Selon le sondage, 37 % de la population espagnole pense que la bonne attitude est l’opposition, tandis que 35 % optent pour le compromis et que seulement 19 % défendent l’alignement avec la nouvelle administration américaine. Les 9 % restants n’ont pas d’opinion définie.
- À gauche, le rejet est pratiquement total. Sumar (95 %), Ahora Repúblicas (91 %) et Podemos (62 %) sont clairement en faveur d’une politique d’opposition frontale au nouveau gouvernement Trump.
- Le PSOE affiche une position plus nuancée : si 63 % de ses électeurs se prononcent également en faveur de l’opposition, 22 % préfèrent le compromis et 9 % défendent même l’alignement.
- À droite, l’approche change. Le PP opte majoritairement pour une stratégie de compromis (56 %), bien qu’une minorité significative (18 %) préconise l’alignement. Vox, en revanche, est la seule formation où la majorité (51 %) soutient un alignement total avec Washington, reflétant sa vision de Trump comme un partenaire idéologique.
Une nouvelle fracture en Espagne
10 — Oui à la défense, non à la caserne : le service militaire divise l’Espagne
43 % des Espagnols sont d’accord avec le rétablissement d’un service militaire obligatoire de 12 mois pour garantir la défense de l’Europe, tandis que 57 % le rejettent.
Ces données montrent une ligne de fracture claire : bien que le soutien à une défense commune et à un investissement militaire accru augmente, la majorité n’est pas prête à accepter une militarisation personnelle forcée.
- Le rejet est particulièrement marqué à gauche, même parmi les électeurs les plus préoccupés par la sécurité internationale. Les électeurs de Podemos et de Sumar, qui sont les plus favorables à une défense européenne, sont presque unanimement opposés au service obligatoire (99 % dans les deux cas), ce qui indique que l’Europe de la défense n’implique pas d’accepter une logique de recrutement forcé.
- À droite, en revanche, la perception est très différente. Les électeurs de Vox sont les plus favorables à cette mesure, avec 87 % de soutien. L’électorat du PP affiche également un soutien élevé (75 %).
- Le PSOE se situe dans une position intermédiaire : 30 % pour, 70 % contre, reflétant une base électorale divisée.
Conclusions
Au total, le sondage Eurobazooka reflète un sentiment dominant : la méfiance — envers les États-Unis, les grandes puissances, les dirigeants européens et les institutions internationales, perçus comme lents et inefficaces face aux défis mondiaux.
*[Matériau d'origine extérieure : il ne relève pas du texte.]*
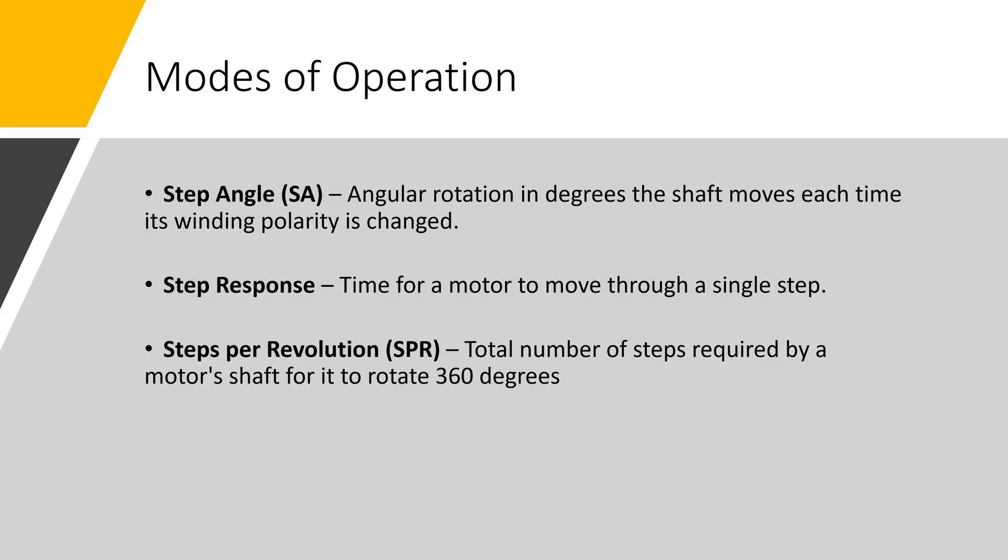Here are a few definitions. Step angle: angular rotation in degrees the shaft moves each time its winding polarity is changed. Step response: time for a motor to move through a single step. Steps per revolution: total number of steps required by a motor shaft for it to rotate 360 degrees.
Parallèlement à cela, une demande ferme d’autonomie stratégique pour l’Union européenne se consolide, non seulement en matière de défense, mais aussi en ce qui concerne sa capacité de décision et d’action dans un monde de plus en plus instable.
Cependant, ce consensus se fissure sur les solutions concrètes : l’augmentation des dépenses militaires divise et le soutien à l’Ukraine commence à montrer des signes de fatigue. Les citoyens veulent défendre les valeurs européennes, mais sans tomber dans une guerre sans fin ni accepter une militarisation forcée.
Ce contexte cristallise un mandat citoyen complexe et multiforme en Espagne :
- Renforcer la défense européenne sans recourir au service militaire obligatoire.
- Maintenir le soutien à l’Ukraine, mais ouvrir le débat sur une sortie négociée si le conflit se prolonge.
- Redéfinir la relation avec les États-Unis : maintenir la coopération sans dépendance.
- Miser sur une Europe souveraine, coordonnée et capable d’agir de manière unie, rapide et efficace face aux menaces extérieures.
En définitive, les citoyens espagnols réclament plus de souveraineté, plus d’unité et plus de clarté stratégique mais aussi une Europe qui protège sans imposer et qui agisse avec fermeté — sans renoncer à ses valeurs démocratiques.